AQUELAS CUJO NOME NÃO SE PODE PRONUNCIAR
Elas humanizam-nas, humanizam as coisas, enquanto se desumanizam.
Raras são as vezes que as conseguimos detetar, entre o comum mortal dissimuladas, elas cá estão, no entanto, dificilmente as sabemos identificar. O homem, o marido, o esposo, este pobre e indefeso ser, consegue, por vezes, ver, brotar do seio de sua nobre e gentil mulher, entre gemidos e uivos mais fortes que raios, num clímax de êxtase e de histeria, ela se revela. A mulher usurpada, assim, liberta livre e solta, é, temporariamente, metamorfoseada n’ Aquela cujo nome não se pode pronunciar.
Renunciem!
Hoje, elas manifestam-se, no meio da Laurissilva açoriana, esquivas, sob o crepúsculo de uma névoa quente, seus pés descalços, enraízam-se à terra, pisam o musgo encharcado, esmagam os ramos, os fungos e em suas mãos espremem o barro molhado. Transformam os cogumelos em flor, flor maldita, sempre, sempre viva de seres, pequenas criaturas nunca antes avistadas. Elas humanizam-nas, humanizam as coisas, enquanto se desumanizam.

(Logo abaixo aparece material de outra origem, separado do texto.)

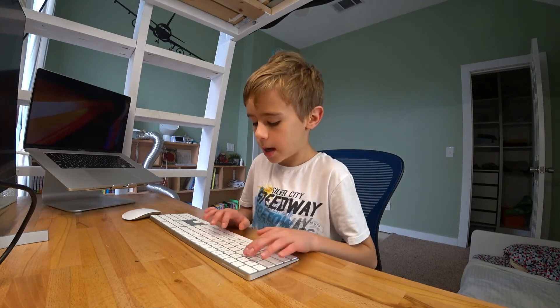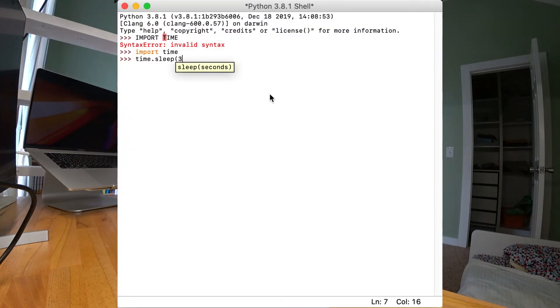Then we put a period. The reason we put a period is to separate the module name from the function you want to use. Then we put the function we want to use, which in this case is sleep. When using the sleep function, we put brackets, and inside these brackets we put the amount of seconds you want Python to stop for. So this line of code will tell Python to wait three seconds.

Hoje, só hoje, seus corpos dançam com as árvores, sim, as árvores também dançam com elas. Suas vozes emitam o piar da coruja, as cigarras estridentes, o agudo assobio do vento, emitam o lobo que não é lobo nem é cão, são elas que festejam, que celebram, que riem, que se casam com a vida, se entrelaçam, rodopiam, bebem a poção. Do amor dizem elas. Mas, não.
Renunciem-se, mulheres!
Como ousam vocês extravasar assim o ímpeto de viver?
Renunciem!
Que ligação é essa à Terra, ao místico, ao querer ser natural?
Renunciem!
Ceder assim ao instinto é coisa de bicho. Ceder ao instinto é coisa de animal.
Deixaram-se possuir, por ingenuidade, por infantilidade talvez, não sei, mas é profundamente desmoralizador, vocês, outrora mulheres como é dado de ser, deixarem-se possuir por Aquelas cujo nome não se pode pronunciar.